I can be walking in a hallway at work, someone is behind me and I think suddenly that I've heard this person call my name. I turn around to ask what they want because I definitely don't want them to think I just ignored them - that would be worse - but I can see from their surprised expression that they are thinking, "Geez, where did THAT come from?" We both shrug and I think, "Oh my goodness, where DID that come from?"
Another recent example of this phenomena: my son Dennis says something to me about who-knows-what while standing next to me in the kitchen as I fry cutlets. I don't really catch what he says but I am feeling brave, "Did you just say, Alex ate escargot?" I say this despite thinking it highly unlikely that my traveling-abroad son actually ate snails in a pub in England.
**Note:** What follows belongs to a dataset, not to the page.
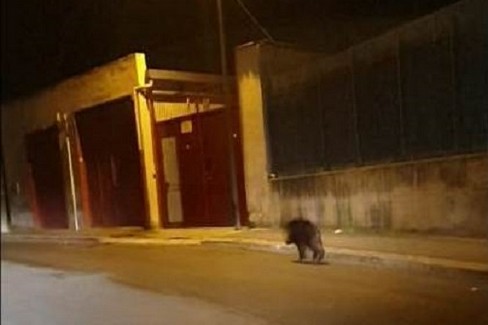 cinghiale avvistato alla periferia di Andria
Dennis thinks it is amusing how far off the mark I am. Lucky for me, I think so too.
Just as an aside, Alex eventually did eat escargot, but it was in Paris a few weeks later, so maybe I'm just clairvoyant and what I hear inside my head is not just made up stuff. Now, if I can only hear the lottery numbers. Please.
I can also effectively block out the entire world if I wish to. I have honed this art to perfection while living with children, dogs and very, very loud macaws. I can create a bubble around myself no matter where I am or what I am doing and just float happily inside, neither listening to nor caring what is going on around me. This is a nice trick that comes in handy and amazes anyone who witnesses it first-hand though these same amazed people are usually also annoyed that I just completely ignored them.
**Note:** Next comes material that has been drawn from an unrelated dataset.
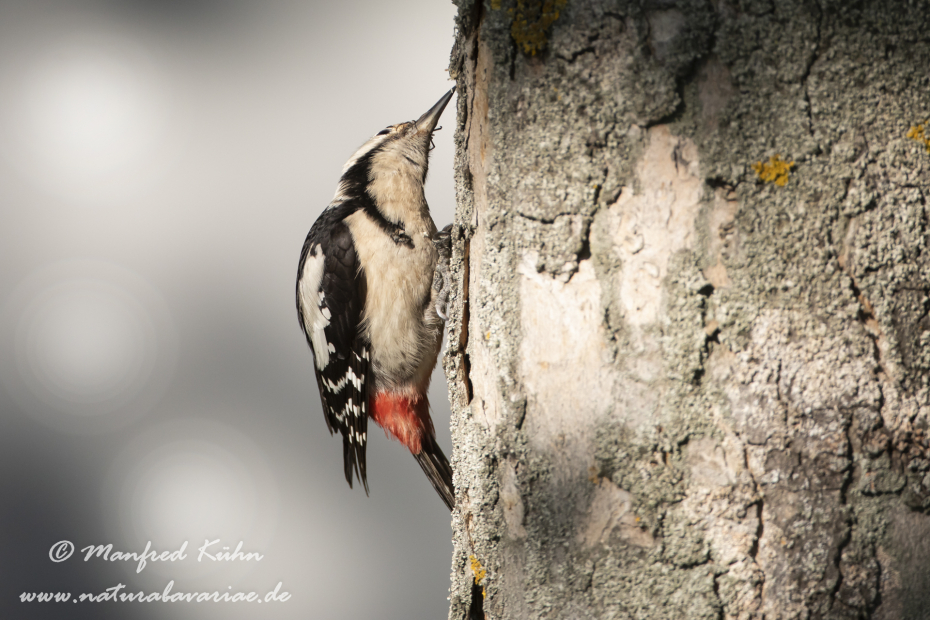 Blutspecht ()_0005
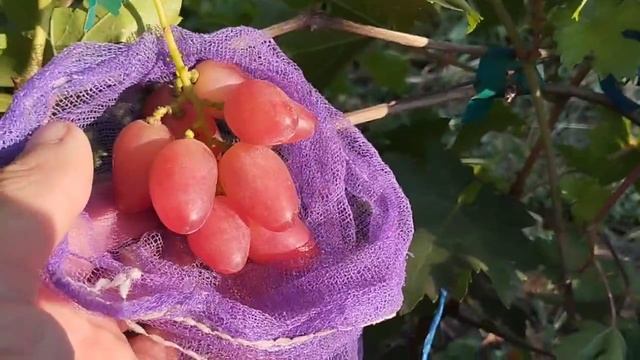 Сеянцы новинки.Красивый окрас 31 июля 2024 год.Виноградник Щереденкова В.А.mp4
For most of my life I have had good hearing at the high notes and bad hearing at the low. This state has changed recently. After my last hearing test, I was told that the higher pitches are also now tanking. Since hearing lost is hearing never to be found, it appears I am one step closer to the Miracle Ear.
And while we are on the subject, I might as well confess that the rest of my physical senses are also only shadows of what they once were. I don't drive any place unfamiliar at night because I can't read the road signs until I am right under them. The glorious scent of the sea which once had the power to make me instantaneously blissful, is almost totally lost to me. Pain exists in more parts of my body than I can get pleasure from, so enough said there. Thankfully, I can still taste food fairly well, at least for now, and maybe that's one reason my weight seems to rise with my age.
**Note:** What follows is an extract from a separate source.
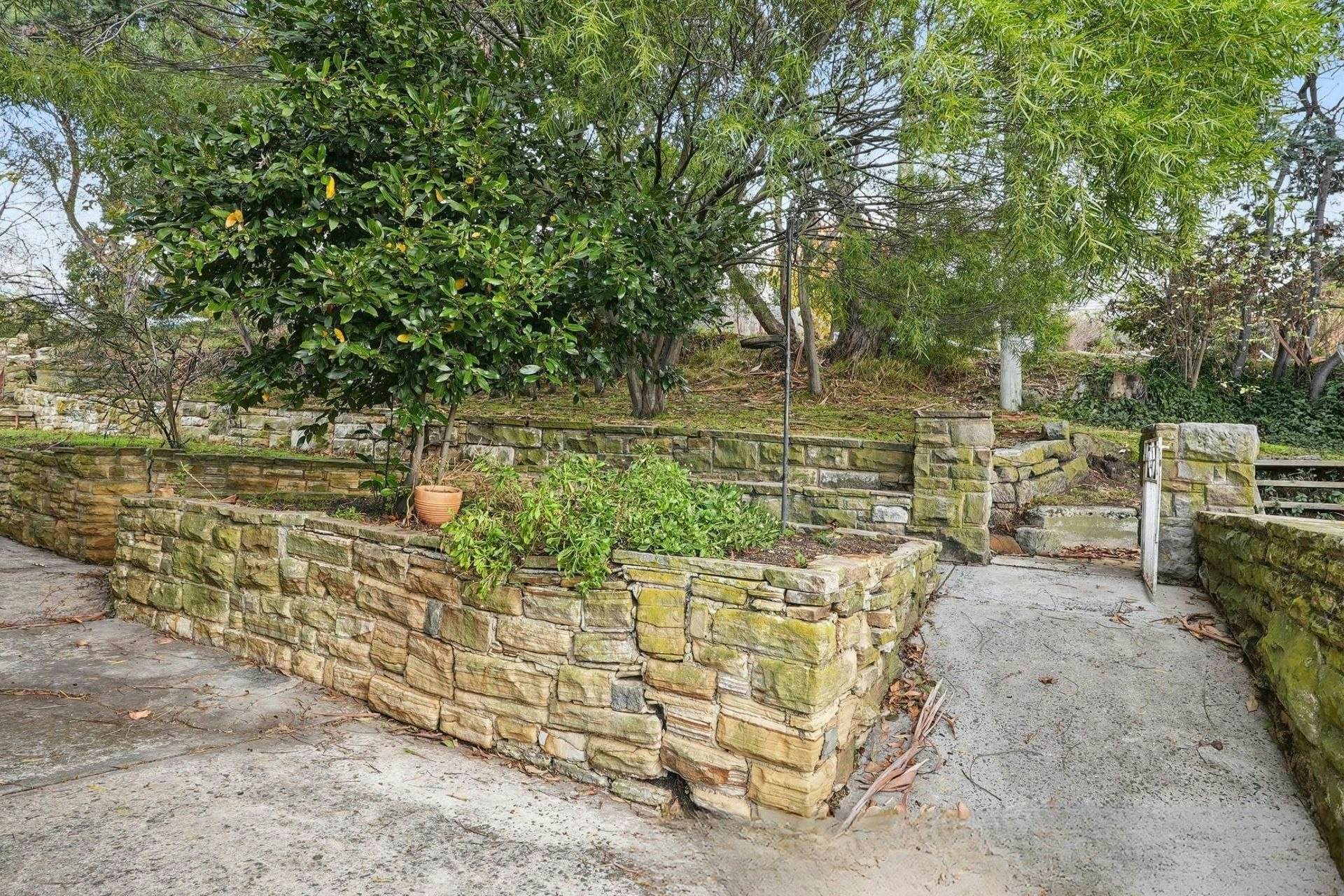 wall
But the point of mentioning all this is not to lament the losses inherent to aging but to celebrate what the loss makes room for. There are certainly plenty of worse things in this world than fading senses. In fact, what I have found to be true for me is that as the external physical senses have faded, the internal, eternal sense is growing. And this is a darn good thing.
The internal, eternal sense is the ones that scientists don't know exists. But it does. It's just like when we were growing up, scientists did not know why the dinosaurs disappeared. There had to be a cause; everyone knew there had to be a cause. Now we know what that cause was: a giant meteor from outer space landed in Mexico, wiping them all out. In 1968, who would have thunk it?
One day, maybe scientists will be able to identify the sense that grows in place of the ones that fade. And I'm guessing that maybe they'll call it: wisdom.
When I was younger, my eyes saw only what was plainly in front of of me. Now I can see further into the shadows where things are hidden. Where once I trusted only what was "out there;" now I can trust what lies "in here." Where once I sought to BE beautiful, smart, successful; now I seek these things for others. Where once I might have done wrong because it was easy; now I am inclined to do right regardless of cost. And where once I could not block out the madness of the world; I can finally hear the silence within.
There is peace in all this, and a sense that aging is not quite all the loss I expected it to be.